Can you think of a single DRM scheme that has prevented piracy? I certainly can't. So while thieves and criminals--who don't mind violating the DMCA at all--get past the DRM in moments, paying, law-abiding customers have their libraries held hostage, at the whims of companies who may well abandon servers and formats and software and hardware; or simply fail to support superior systems as they come about. DRM hurts consumers, it never hurts criminals.
It continues to exist because outlets want you to use their readers and their stores, and make it as hard as possible for you to switch. If your entire library was bought from amazon, and you fall in love with a new ereader from someone else, you have to ask yourself, do I love this new tech enough to repurchase/lose hundreds of dollars worth of books? The bigger the barrier there is to you switching, the less likely they are to lose a customer to someone. It's anti-competitive in a big way, but it doesn't help authors or artists.
In the meantime, I keep waiting to hear about how the switch to free and clear mp3s has destroyed the music industry. I suspect the freedom and lack of confusion about what devices people were allowed to use to listen to their music has probably had a positive effect on sales, while funds that would go to ever more draconian protection schemes can instead be used to actually punish and prevent piracy (law suits didn't stop piracy, but there was plenty of evidence it had a chilling effect reducing online sharing dramatically).

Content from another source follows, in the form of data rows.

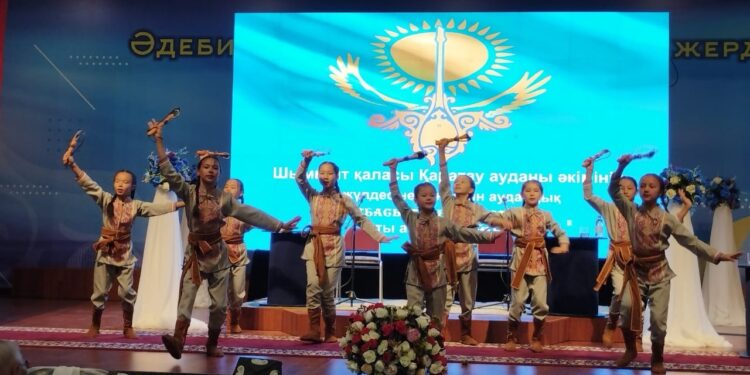 Отбасы құндылықтарын насихаттауға бағытталған айтыс өтіп жатыр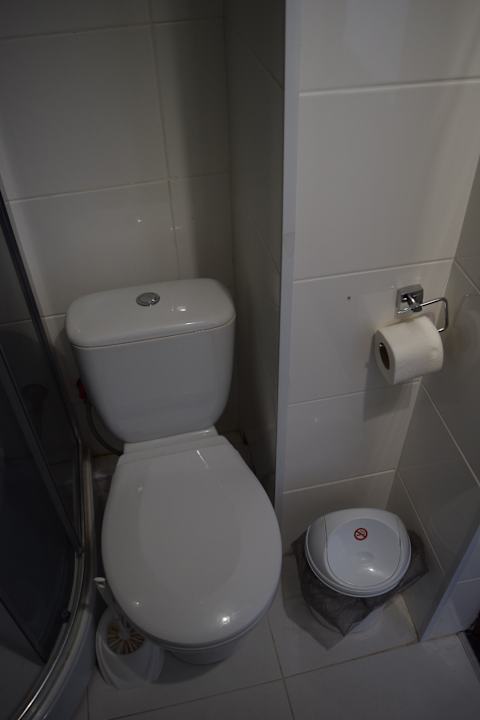 Zimmer Hotel White House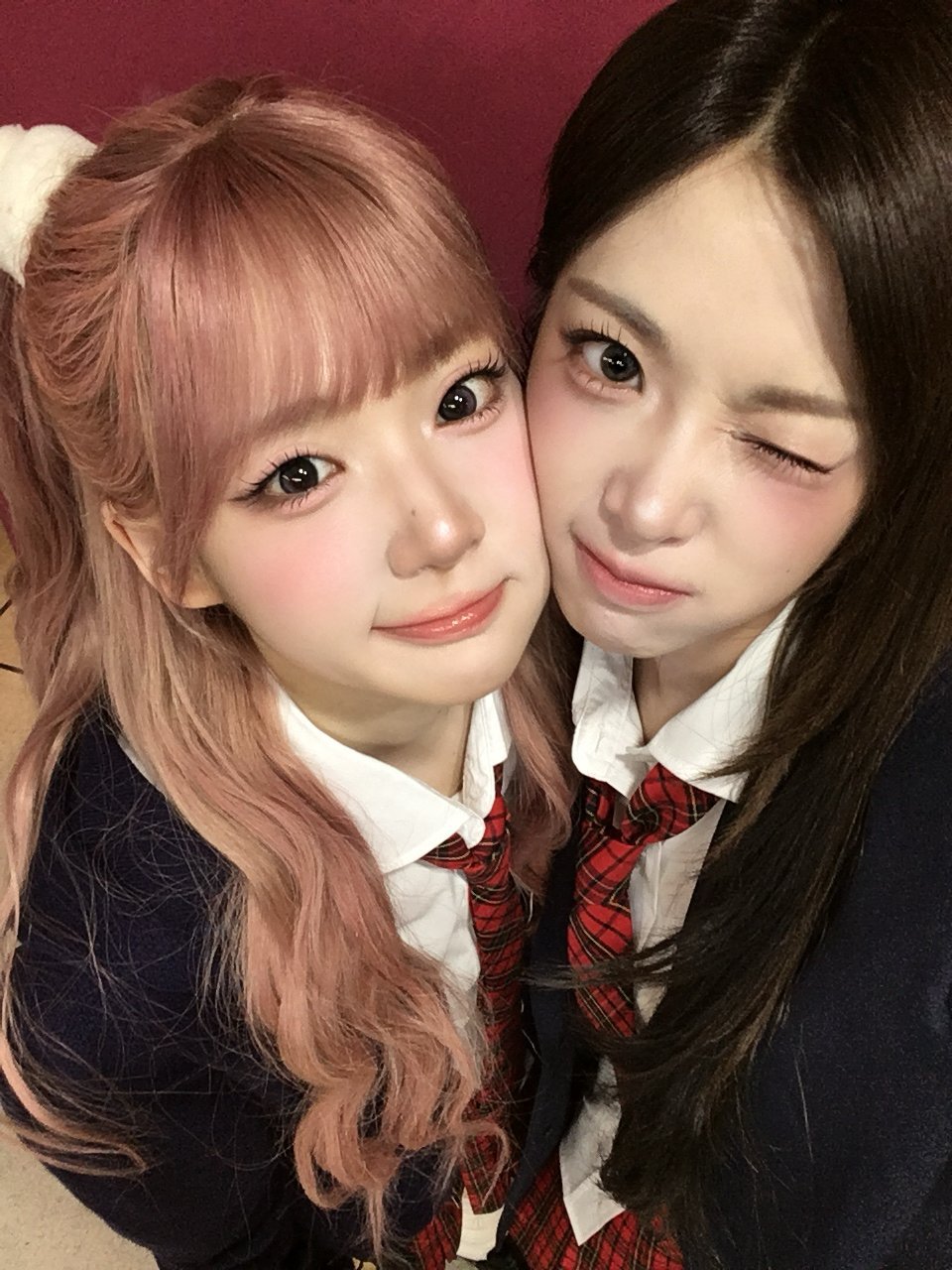 tripleS 尹舒妍 & 许念慈 👭🏻🏫🐹🐶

DRM is more to blame for piracy than open source culture. If you punish paying customers enough, they're not going to want to be your customer anymore. DRM-free, open formats are the best thing that could happen for authors and the companies who promote them and distribute their work. The only downside is for B&N, Sony, and Amazon, who have to actually do something useful to earn your business instead of holding your content hostage.